1 À l’époque, l’Union des Caraïbes couvrait les territoires suivants : Nicaragua, Costa Rica, Panama, Colombie, Venezuela, Guyane, Surinam, Guyane française, Petites Antilles.

2 Une entrevue avec Daisy Labega, en 1991.

3 Une copie de la lettre envoyée par le pasteur Babcock est en possession de l’auteur.

4 Les journaux de l’époque, entre autres Amigoe, La Union, et Couracaosche Courant ont largement couvert ce drame. Des copies de ces articles sont conservées aux Archives nationales des Antilles néerlandaises à Willemstad, à Curaçao.

5 Urbina, Rafael Simón, Libertad, Dolor y Tragedia, 1936.

6 Le Maracaibo venait d’accoster en provenance d’Aruba le jour même avec 15 passagers de 1ère classe, 9 de 2ème classe, 113 sur le pont, et 29 en transit. Voir De Couraçaosche Courant, 14 juin 1929.

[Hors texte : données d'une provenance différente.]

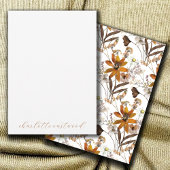 自然素朴金ゴールド茶の水色の野花 ノートカード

7 Le capitaine Morris a rapporté cette histoire à sa femme, laquelle était adventiste, et quelques autres dirigeants de l’église. Il n’était pas question d’en parler, car il s’agissait alors d’une affaire délicate.


Daniel A. Duffis est pasteur de longue date, administrateur, et auteur de plusieurs livres sur l’histoire de l’Église.